◆ **Data shown**:
* * *

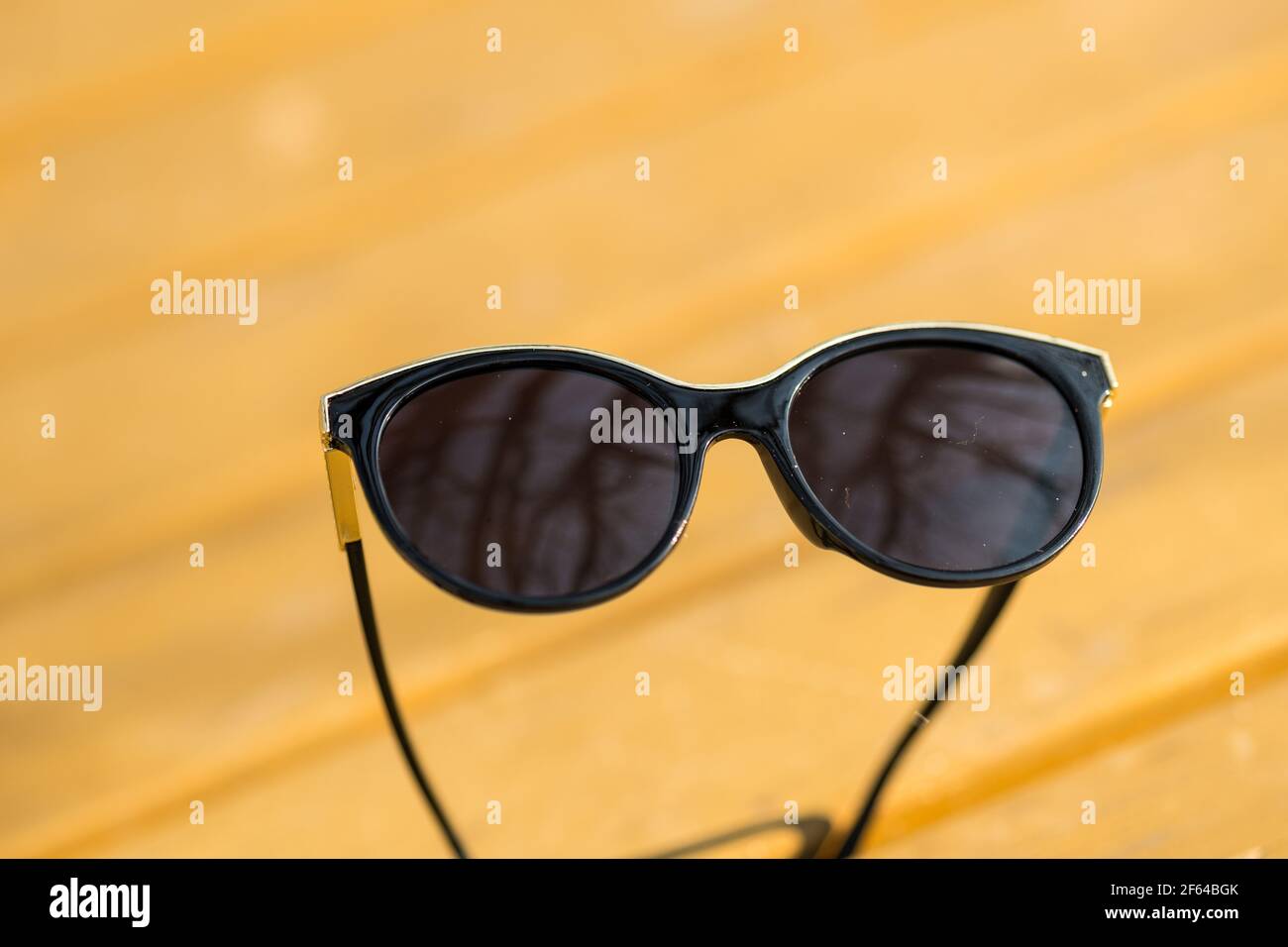 enseñar Evento mar Mediterráneo Modelo de gafas de sol de moda para mujeres con lentes negras redondas  grandes y marco negro disparar fuera en un día de verano closeup. Enfoque  selectivo Fotografía de stock - Alamy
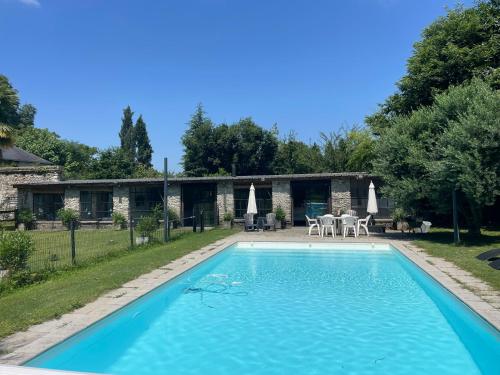 une piscine devant une maison dans l'établissement Chateau pool house, à Assat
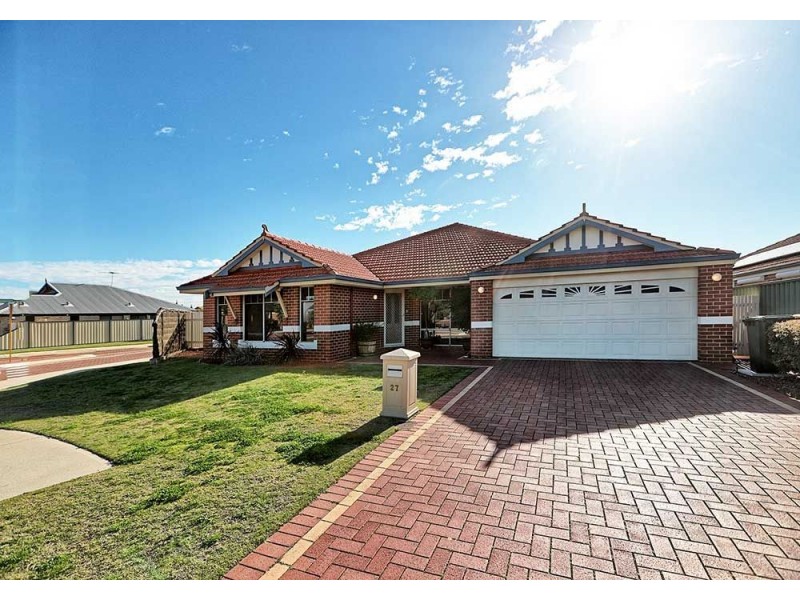 27 Benson Way, High Wycombe WA 6057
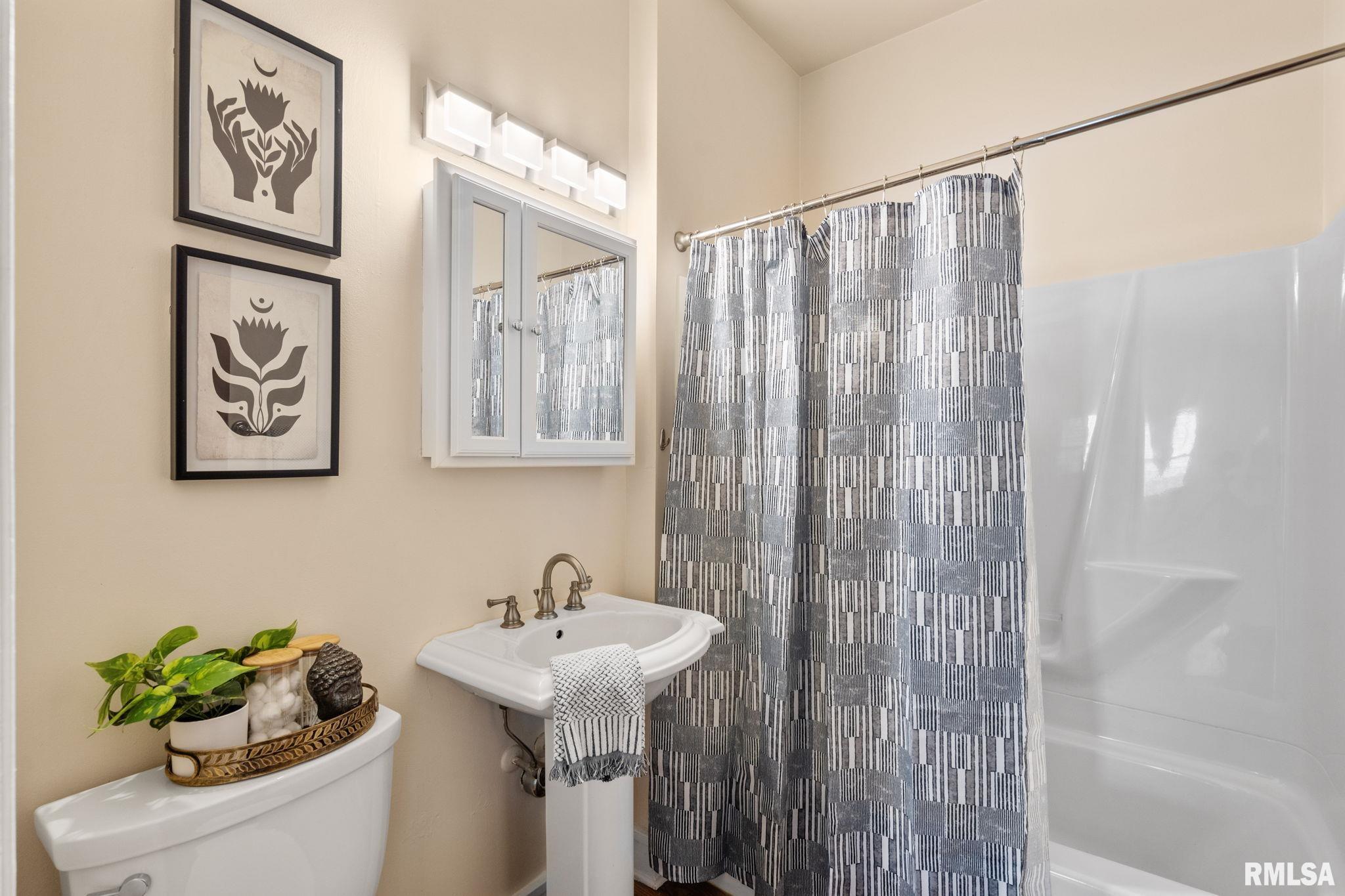 2221 Ripley Street Davenport, IA 52803 - Photo 15 of 25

* * *

◆ **Work to be completed**:
If the data includes images, skip them and copy every line exactly.

◆ **Written answer**:
 enseñar Evento mar Mediterráneo Modelo de gafas de sol de moda para mujeres con lentes negras redondas  grandes y marco negro disparar fuera en un día de verano closeup. Enfoque  selectivo Fotografía de stock - Alamy
 une piscine devant une maison dans l'établissement Chateau pool house, à Assat
 27 Benson Way, High Wycombe WA 6057
 2221 Ripley Street Davenport, IA 52803 - Photo 15 of 25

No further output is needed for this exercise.